At this point, some readers may think of the excessive examples being quoted from the English game in the blog, but, there is a reason to it.
Unlike other leagues in the world of football, the English League is the only one that does not have a winter break and continues to entertain the sports’ fans for ten months a year. It is the most physically demanding league, and hence, it is only logical to inspire the foundations of our reasoning based on what is practiced in the English game.
Continuing with the narration, let’s now look at the subject of fluids and their importance to footballers.
Fluids in Football
Fluids are an essential part of a footballer’s nutrition as they help them to remain hydrated and maintain the electrolyte balance to perform on the pitch as well as on a training ground. They refuel the flushed muscles.
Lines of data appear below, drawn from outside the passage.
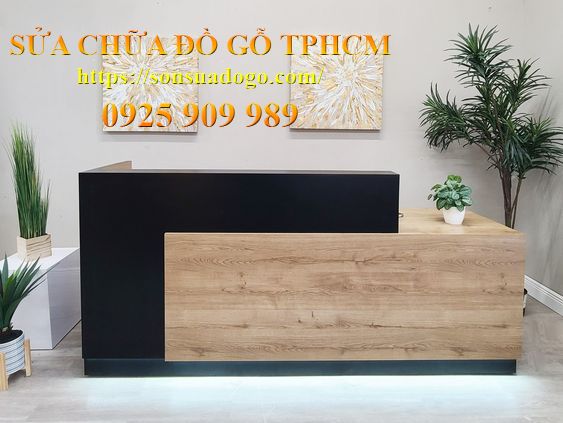 tháo lắp bàn lễ tân tp Dĩ An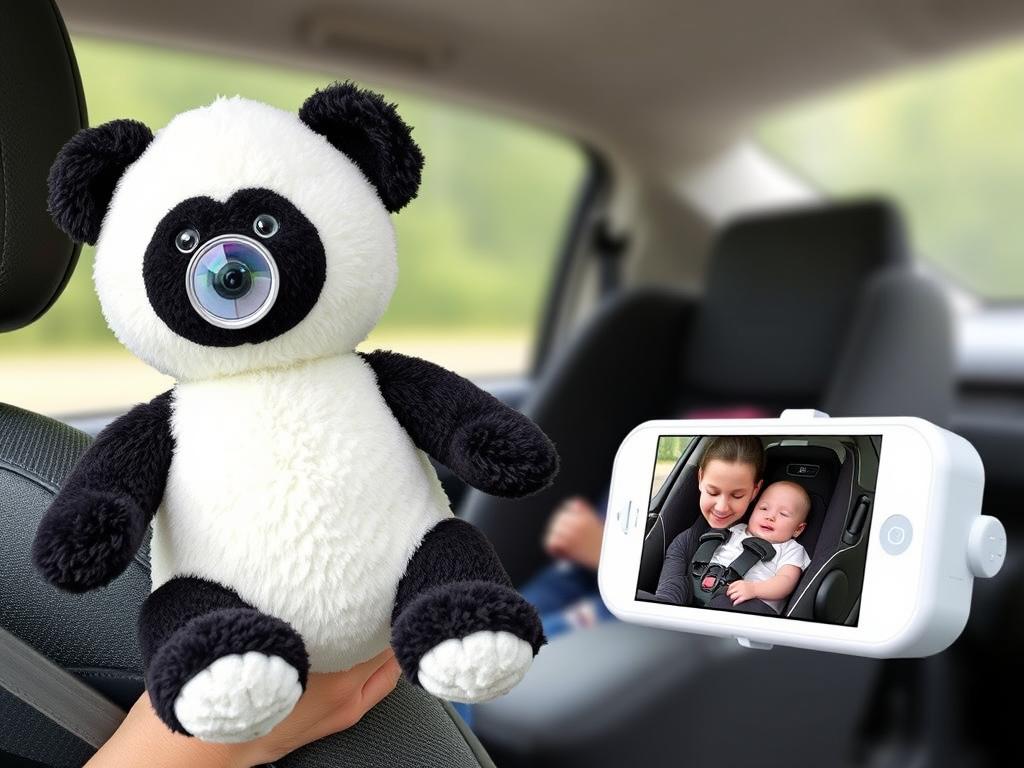 Zooby Baby Monitor Camera disguised as cute stuffed animal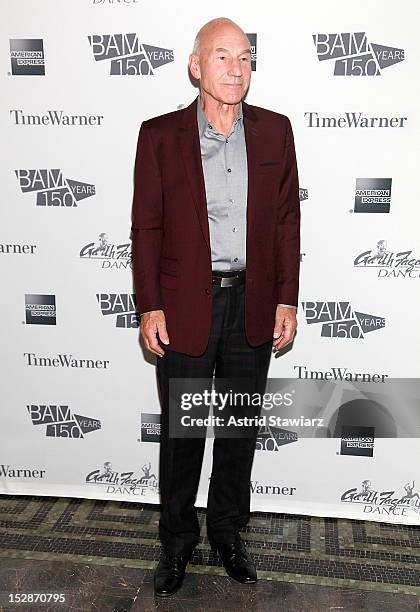 Patrick Stewart attends BAM 30th Next Wave Gala at Skylight One Hanson on September 27, 2012 in New York City.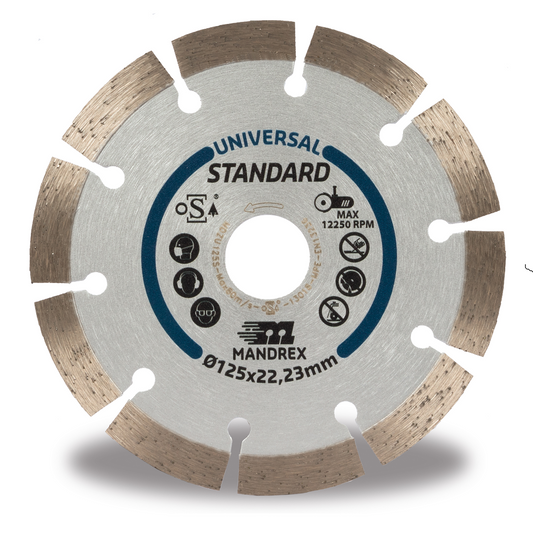 Mandrex Diamond Blade Universal Standard - Ø115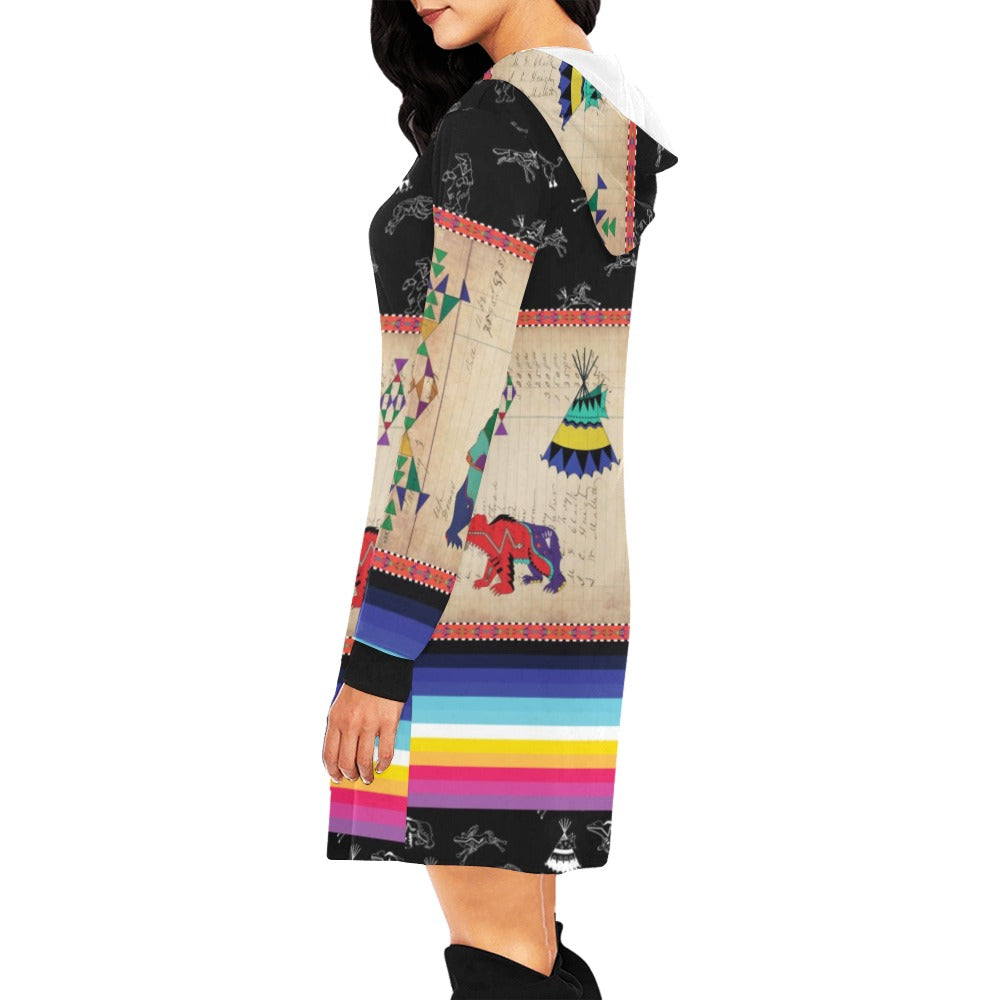 Bear Ledger Black Sky Hoodie Dress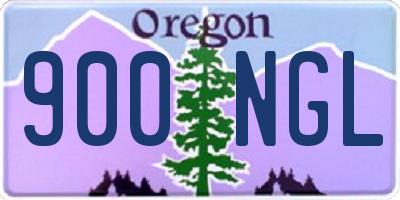 OR license plate 900NGL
“In football, we perform tests on players to understand their sweat losses, individualizing their drinks accordingly” James Collins commented on fluid intake while giving an interview to Daily Telegraph’s Mark Bailey.
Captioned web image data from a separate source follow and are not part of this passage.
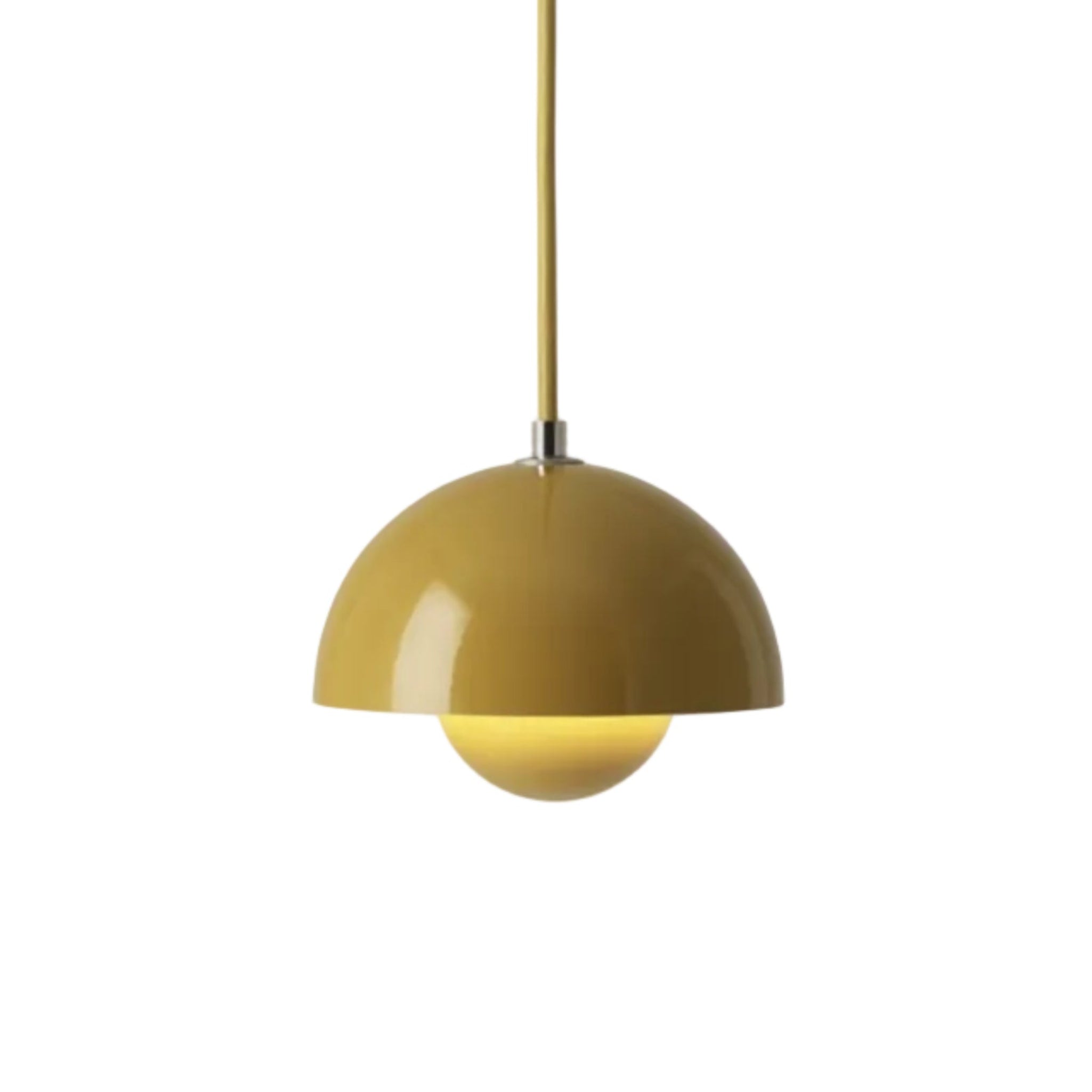 FLOWERPOT pendant lamp in mustard
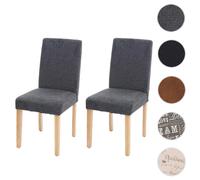 Mendler Chaises Littau - Lot de 2 Gris Anthracite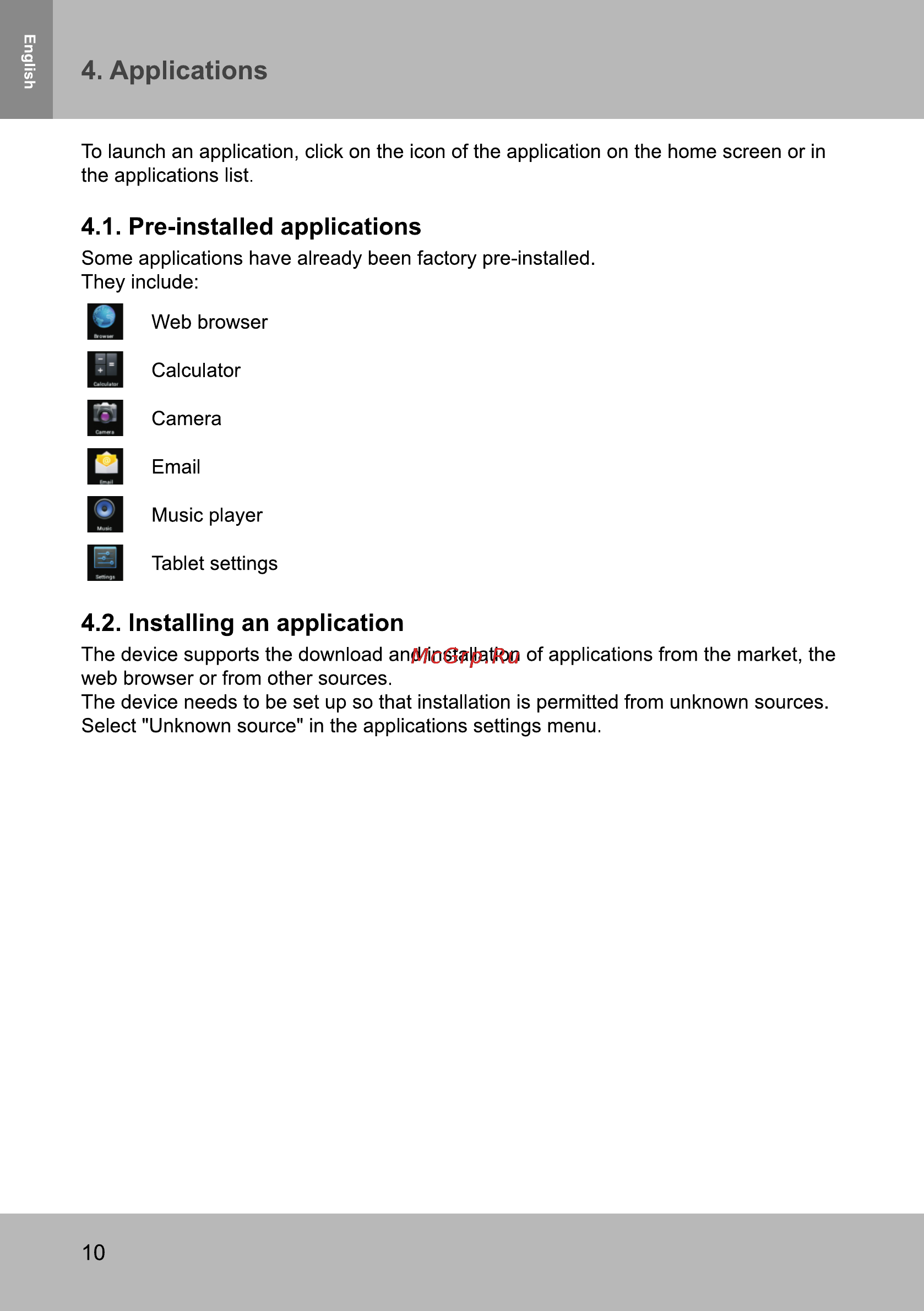 Sencor ELEMENT 9.7 V3 [10/14] Applications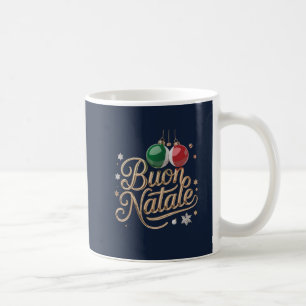 Buon Natale Italiensk Julmugg i Guld Kaffemugg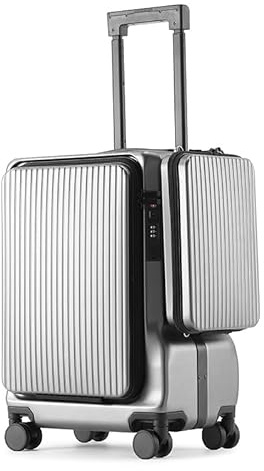 Vordere Öffnung, großes Fassungsvermögen, Stummschaltung, Universalrad mit seitlicher Aufhängung, kleiner Koffer, Aluminiumrahmen, mit Getränkehalter, USB-Buchse, Gepäck, Reisen, Business
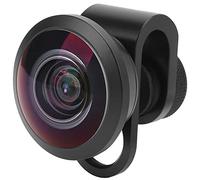 Phone External Fisheye Lens, High Definition Portable Multilayer Coating Mobile Phone Fisheye Lens Optical Glass for IOS Pads for Smart Phones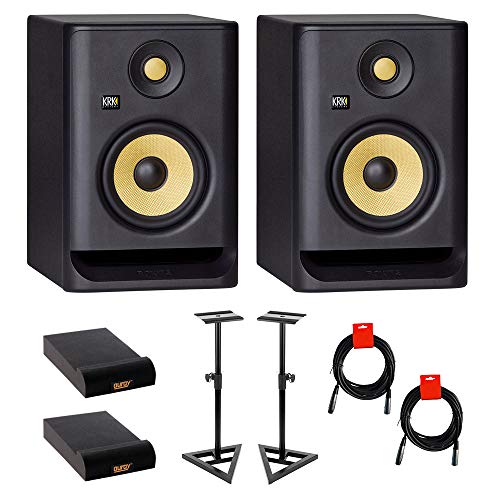 KRK ROKIT 5 G4 5" 2Way Studio Monitor (Pair) Bundle with Studio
From juices and smoothies to simple water at room temperature, the right fluids can help boost the fitness levels of a footballer. And what better example to quote than the German star Mesut Ozil, who is now plying his trade at Arsenal Football Club.
During his previous stint at Real Madrid, the giants of Spanish football, Mesut Ozil was heavily criticized for his short-lived appearances on the pitch. Fatigued and exhausted, the football star was often subbed off around the 60th minute mark. This all changed when he moved to England.
In an interview he said: “Before, I liked to consume soft drinks and I did not drink enough water. Now I drink a lot of water and green tea. I feel much better in my body and muscle injuries are becoming increasingly rare.”
Football Supplements – The Importance
Players take nutritional football supplements:
To improve adaptation to training.
To improve performance by increasing energy supply and fast-tracking the recovery phase.
To retain a high level of performance.
However, one thing that every footballer should keep in mind is that they consult their nutritionist before taking a supplement and acclimatizing their bodies to its intake. “Players will only use carbohydrate or caffeine gels in a match if they have practiced using them in training. We know that getting this right at half-time can have a big impact on energy levels later in the second half,” concluded James Collins.
Football supplements in no way should be sought to cover the inadequacies of a poor diet. There is much to talk about in the world of nutrition and supplements in football, for now we would like to conclude our discussion.